23 de Julho, 2020

A aprovação pela Assembleia da República de um conjunto de diplomas relacionados com comissões bancárias é uma cedência ao populismo. Este conjunto de diplomas suscita diversas questões de constitucionalidade, fere princípios fundamentais do funcionamento da economia de mercado e afronta a racionalidade, a prudência e a preparação do futuro. O seu alegado objetivo de proteção dos consumidores pode revelar-se  contrário ao interesse  da economia e dos cidadãos.

É inexplicável que, numa situação em que o setor bancário é absolutamente essencial, apoiando famílias e empresas, para a recuperação de uma crise de dimensão sem precedentes, em vez de se contribuir para que a banca esteja nas melhores condições possíveis para o fazer, se adotem medidas que a fragilizam ainda mais, aumentando custos, como o Adicional de Solidariedade, e proibindo a cobrança de receitas absolutamente legítimas, como é o caso das comissões bancárias.
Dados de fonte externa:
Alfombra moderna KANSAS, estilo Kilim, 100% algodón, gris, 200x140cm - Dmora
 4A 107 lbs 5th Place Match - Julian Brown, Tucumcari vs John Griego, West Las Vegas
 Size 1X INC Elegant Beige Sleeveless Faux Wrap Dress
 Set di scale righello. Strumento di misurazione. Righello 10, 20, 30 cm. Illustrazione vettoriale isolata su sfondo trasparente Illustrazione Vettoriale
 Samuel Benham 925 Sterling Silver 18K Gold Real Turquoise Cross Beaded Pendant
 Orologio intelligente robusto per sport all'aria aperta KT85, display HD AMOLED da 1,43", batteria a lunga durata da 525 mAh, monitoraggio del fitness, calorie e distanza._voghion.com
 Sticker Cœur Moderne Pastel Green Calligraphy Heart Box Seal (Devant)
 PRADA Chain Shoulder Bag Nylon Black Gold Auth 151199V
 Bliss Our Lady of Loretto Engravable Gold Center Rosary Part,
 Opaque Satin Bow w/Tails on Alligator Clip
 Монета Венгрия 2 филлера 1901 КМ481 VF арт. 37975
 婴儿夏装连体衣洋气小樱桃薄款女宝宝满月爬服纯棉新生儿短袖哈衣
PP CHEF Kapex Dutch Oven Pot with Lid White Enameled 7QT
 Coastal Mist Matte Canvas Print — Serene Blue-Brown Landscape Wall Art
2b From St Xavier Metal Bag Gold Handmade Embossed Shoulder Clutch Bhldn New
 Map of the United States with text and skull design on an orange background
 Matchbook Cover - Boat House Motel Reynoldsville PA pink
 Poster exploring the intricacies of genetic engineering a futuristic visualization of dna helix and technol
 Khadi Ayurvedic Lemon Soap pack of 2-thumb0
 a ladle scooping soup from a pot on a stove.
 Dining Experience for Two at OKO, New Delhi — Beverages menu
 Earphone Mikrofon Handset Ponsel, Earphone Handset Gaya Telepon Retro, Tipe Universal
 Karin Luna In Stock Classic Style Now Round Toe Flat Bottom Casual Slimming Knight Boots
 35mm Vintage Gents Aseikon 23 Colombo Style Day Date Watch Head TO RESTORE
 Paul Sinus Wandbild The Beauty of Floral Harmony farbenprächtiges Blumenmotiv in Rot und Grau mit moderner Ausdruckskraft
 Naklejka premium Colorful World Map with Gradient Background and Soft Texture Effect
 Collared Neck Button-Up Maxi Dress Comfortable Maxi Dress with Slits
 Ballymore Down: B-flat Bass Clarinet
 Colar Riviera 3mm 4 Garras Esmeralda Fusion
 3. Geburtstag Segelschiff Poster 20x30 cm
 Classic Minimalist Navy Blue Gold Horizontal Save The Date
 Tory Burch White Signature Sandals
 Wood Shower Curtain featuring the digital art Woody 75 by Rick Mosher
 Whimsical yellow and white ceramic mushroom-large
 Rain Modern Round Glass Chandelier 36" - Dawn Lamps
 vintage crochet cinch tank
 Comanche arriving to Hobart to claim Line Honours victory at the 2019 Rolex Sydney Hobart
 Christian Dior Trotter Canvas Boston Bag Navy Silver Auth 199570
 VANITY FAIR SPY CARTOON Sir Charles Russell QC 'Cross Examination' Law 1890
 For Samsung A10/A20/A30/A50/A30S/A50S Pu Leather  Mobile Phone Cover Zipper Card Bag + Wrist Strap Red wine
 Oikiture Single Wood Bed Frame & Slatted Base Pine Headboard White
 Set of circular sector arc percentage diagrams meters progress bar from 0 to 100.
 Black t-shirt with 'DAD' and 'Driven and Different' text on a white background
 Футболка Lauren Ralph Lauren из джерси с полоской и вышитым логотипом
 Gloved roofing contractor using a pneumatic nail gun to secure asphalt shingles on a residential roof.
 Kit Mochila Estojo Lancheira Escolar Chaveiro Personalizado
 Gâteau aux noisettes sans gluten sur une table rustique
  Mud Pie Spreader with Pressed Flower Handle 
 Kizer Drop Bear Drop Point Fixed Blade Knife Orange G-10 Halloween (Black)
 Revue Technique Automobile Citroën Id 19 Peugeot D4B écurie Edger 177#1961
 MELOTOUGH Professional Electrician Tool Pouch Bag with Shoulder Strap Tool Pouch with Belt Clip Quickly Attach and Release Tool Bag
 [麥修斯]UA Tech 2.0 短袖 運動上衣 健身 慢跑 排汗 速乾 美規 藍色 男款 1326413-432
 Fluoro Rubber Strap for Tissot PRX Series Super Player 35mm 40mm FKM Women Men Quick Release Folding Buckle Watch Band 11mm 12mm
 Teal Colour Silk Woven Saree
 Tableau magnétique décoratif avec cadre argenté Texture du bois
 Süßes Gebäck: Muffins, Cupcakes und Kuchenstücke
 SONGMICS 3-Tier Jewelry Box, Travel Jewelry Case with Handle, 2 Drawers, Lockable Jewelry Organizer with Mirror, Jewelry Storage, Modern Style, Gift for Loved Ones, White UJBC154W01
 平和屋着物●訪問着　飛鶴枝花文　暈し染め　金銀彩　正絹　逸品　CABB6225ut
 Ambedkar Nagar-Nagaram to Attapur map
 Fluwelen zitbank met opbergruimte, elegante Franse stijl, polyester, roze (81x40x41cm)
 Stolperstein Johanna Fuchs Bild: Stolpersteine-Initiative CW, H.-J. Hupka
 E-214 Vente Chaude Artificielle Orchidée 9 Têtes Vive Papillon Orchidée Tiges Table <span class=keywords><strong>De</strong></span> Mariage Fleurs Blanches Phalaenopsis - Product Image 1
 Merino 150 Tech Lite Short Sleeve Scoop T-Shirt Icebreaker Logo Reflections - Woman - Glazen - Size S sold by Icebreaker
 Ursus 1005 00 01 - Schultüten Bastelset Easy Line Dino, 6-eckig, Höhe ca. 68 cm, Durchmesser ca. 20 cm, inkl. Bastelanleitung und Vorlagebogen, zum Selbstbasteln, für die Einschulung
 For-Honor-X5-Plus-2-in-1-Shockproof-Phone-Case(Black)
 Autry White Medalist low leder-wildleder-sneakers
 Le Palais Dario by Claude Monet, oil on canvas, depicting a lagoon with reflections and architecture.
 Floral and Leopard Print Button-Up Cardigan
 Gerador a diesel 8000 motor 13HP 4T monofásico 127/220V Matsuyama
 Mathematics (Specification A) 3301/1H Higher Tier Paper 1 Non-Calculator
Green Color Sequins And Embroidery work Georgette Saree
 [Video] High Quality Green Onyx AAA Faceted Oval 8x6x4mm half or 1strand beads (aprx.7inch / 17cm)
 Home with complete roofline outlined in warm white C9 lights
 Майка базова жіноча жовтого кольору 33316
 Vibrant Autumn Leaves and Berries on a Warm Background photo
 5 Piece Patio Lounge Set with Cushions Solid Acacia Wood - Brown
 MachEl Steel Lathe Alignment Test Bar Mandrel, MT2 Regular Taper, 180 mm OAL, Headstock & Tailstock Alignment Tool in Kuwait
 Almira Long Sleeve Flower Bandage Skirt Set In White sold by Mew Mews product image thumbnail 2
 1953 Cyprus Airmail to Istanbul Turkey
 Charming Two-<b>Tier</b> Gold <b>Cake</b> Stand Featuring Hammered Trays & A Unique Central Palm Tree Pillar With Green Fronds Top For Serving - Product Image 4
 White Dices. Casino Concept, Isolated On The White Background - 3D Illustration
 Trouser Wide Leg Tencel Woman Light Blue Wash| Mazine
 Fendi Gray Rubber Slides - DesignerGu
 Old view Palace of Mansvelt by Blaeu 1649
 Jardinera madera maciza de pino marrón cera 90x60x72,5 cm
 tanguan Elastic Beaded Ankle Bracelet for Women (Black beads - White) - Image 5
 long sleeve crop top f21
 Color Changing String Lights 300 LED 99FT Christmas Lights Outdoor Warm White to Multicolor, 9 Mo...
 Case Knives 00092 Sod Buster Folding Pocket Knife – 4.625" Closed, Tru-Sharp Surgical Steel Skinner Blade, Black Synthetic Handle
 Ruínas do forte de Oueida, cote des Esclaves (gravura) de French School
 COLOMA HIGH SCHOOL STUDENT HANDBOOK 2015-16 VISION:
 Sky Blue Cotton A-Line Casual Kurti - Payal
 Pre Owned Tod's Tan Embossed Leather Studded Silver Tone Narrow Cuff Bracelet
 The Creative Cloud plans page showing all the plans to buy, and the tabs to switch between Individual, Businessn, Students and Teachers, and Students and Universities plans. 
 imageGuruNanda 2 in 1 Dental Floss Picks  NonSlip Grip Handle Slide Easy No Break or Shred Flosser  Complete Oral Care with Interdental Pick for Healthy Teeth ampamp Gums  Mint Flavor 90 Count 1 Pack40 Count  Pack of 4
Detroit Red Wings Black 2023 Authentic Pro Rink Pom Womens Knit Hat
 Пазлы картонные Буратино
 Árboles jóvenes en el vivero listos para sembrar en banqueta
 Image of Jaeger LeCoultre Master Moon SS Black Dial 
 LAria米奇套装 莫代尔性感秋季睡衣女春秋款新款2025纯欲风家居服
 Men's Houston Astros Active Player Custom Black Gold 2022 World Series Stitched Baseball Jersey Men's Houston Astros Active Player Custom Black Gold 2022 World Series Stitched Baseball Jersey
A  banca não é um serviço público gratuito. É uma atividade empresarial que tem de cobrir os custos do seu funcionamento para garantir o cumprimento das suas obrigações perante os depositantes, financiar a economia e os cidadãos e prestar uma multiplicidade de serviços, com valor para o cliente bancário, e pelos quais deve poder ser remunerada.

A rentabilidade dos bancos, que se encontrava em recuperação mas sendo, ainda assim, das mais fracas da Euro Área, está novamente sob fortíssima pressão, fruto dos impactos da atual crise. Ainda esta semana a Moody´s  considerou que a banca nacional está entre as que enfrentam maior risco de perdas.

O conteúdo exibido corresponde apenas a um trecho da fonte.